You’ll find lots of great advice online for achieving financial freedom but the one piece of advice I find conspicuously absent is any mention of the basic difference between financial freedom and financial slavery, which is: the ability to live within our means.

We are financially free when we are comfortably able to live within our means no matter how humble or luxurious our circumstances.

We become financial slaves when we live beyond our means and thus put ourselves into financial bondage to a creditor or creditors.

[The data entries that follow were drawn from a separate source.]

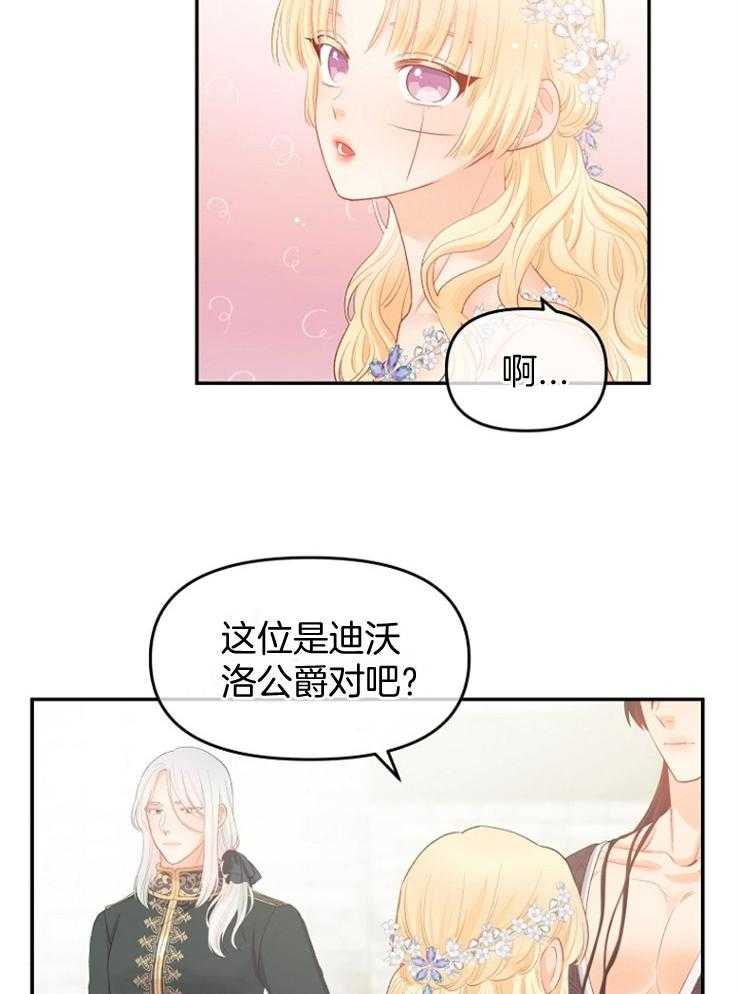 《皇女的无限轮回》第34话 怕的不是你 第24页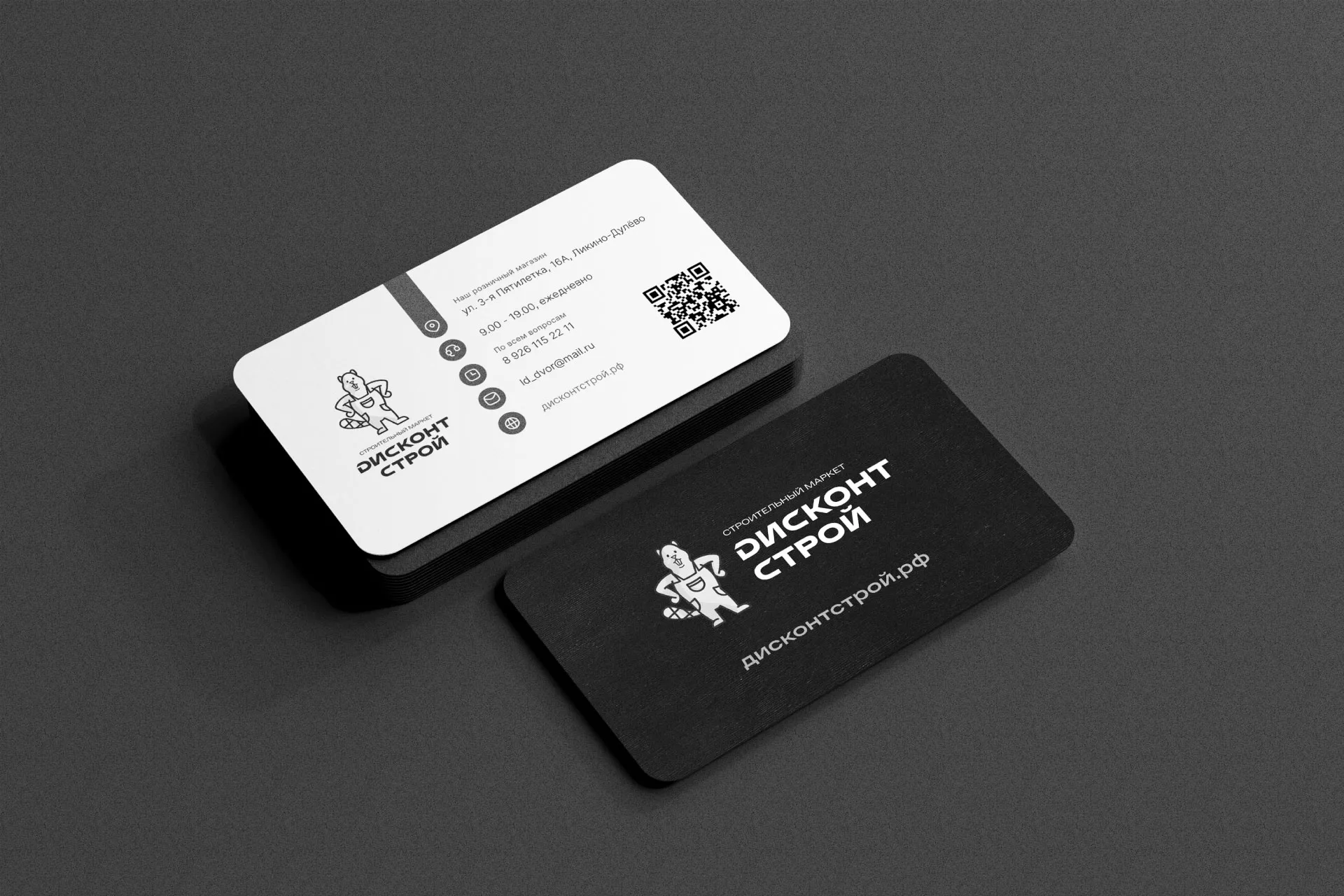 Разработка дизайна визиток магазина «Дисконт Строй» в Прокопьевске
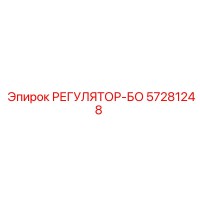 57281248 РЕГУЛЯТОР-БО Epiroc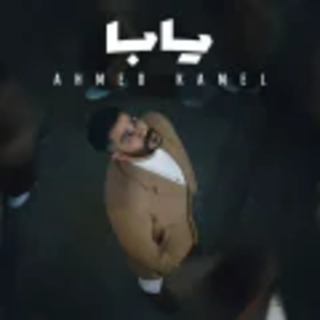 اغنية يابا احمد كامل بالكلمات كلمات اغنية يابا احمد كامل مكتوبة كاملة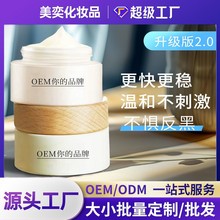 精华面霜提亮肤色滋润保湿大牌平替oem化妆品代加工奶罐面霜定制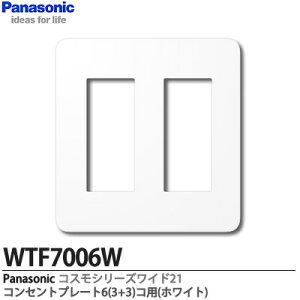 �yPanasonic�z�R�X���V���[�Y���C�h21�z�����R���Z���g�v���[�g6(3+3)�R�p�z���C�g���E���h�^�C�vWTF7006W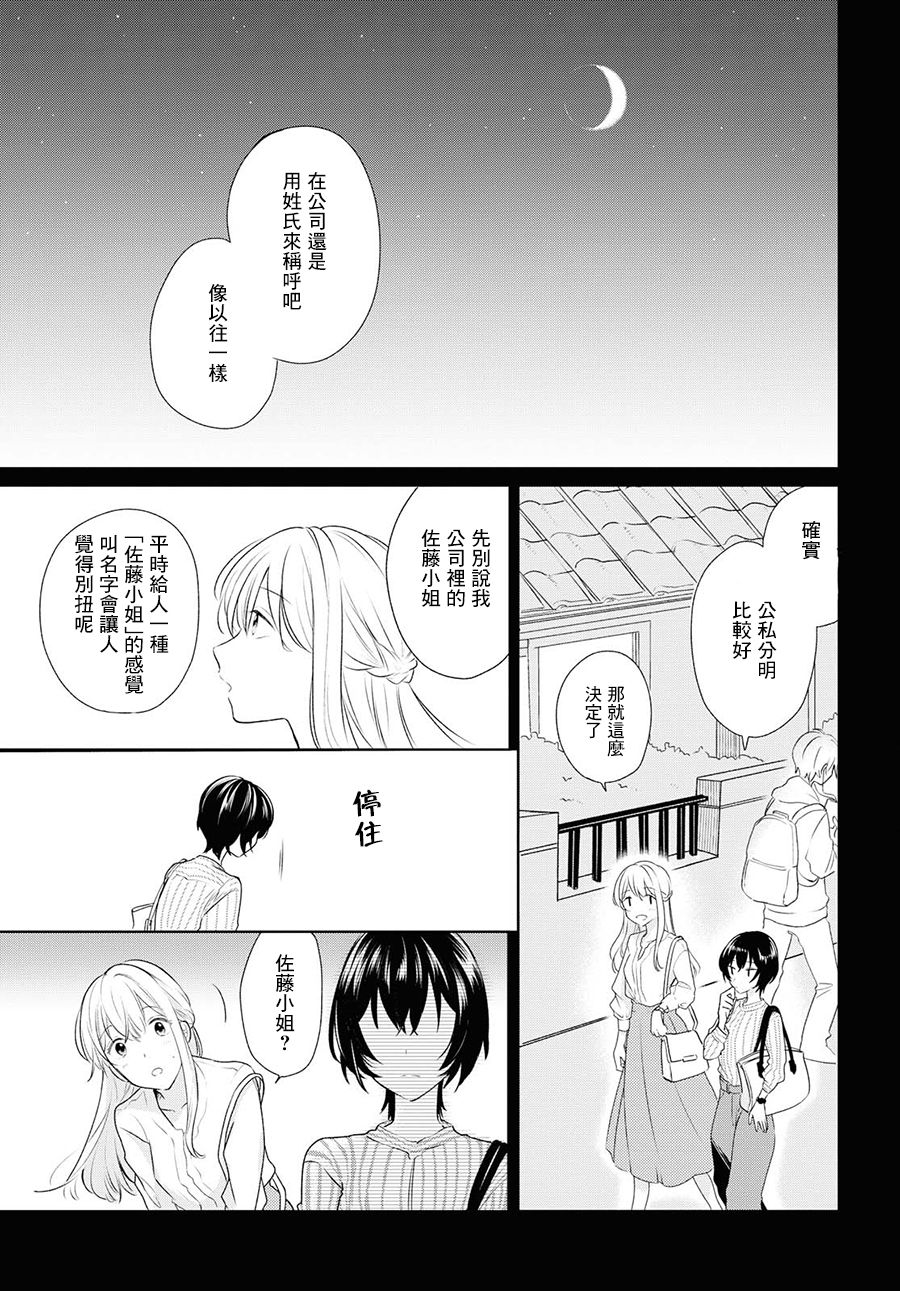 残月与甜甜圈韩漫全集-第06话无删减无遮挡章节图片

So what exactly is “our means?” It is what we have readily available to cover fixed expenses after we:

  • Give 10% of our regular income back to our church or to charity to help those less fortunate, and…
  • Put 40% of our regular income into short and long-term savings for retirement and for irregular expenses such as vacations, repairs, appliances, entertainment, gifts, etc..

The remaining 50% of our regular income (our “means”) is what we budget for fixed expenses such as food, clothing, essential household expenses (including mortgage and car payments if applicable), insurance, utility bills, and taxes.

So where does conventional consumer debt, revolving credit, or the use of credit cards to buy “things” fit into this picture?

It DOESN’T–unless the payments can be made from money already saved or can be made from the 50% of regular income we budget for fixed expenses.

How does it feel to be financially free? Being a former financial slave myself, I can tell you. It feels GREAT!!!!!!!

Sending you LOVE from the Lighthouse!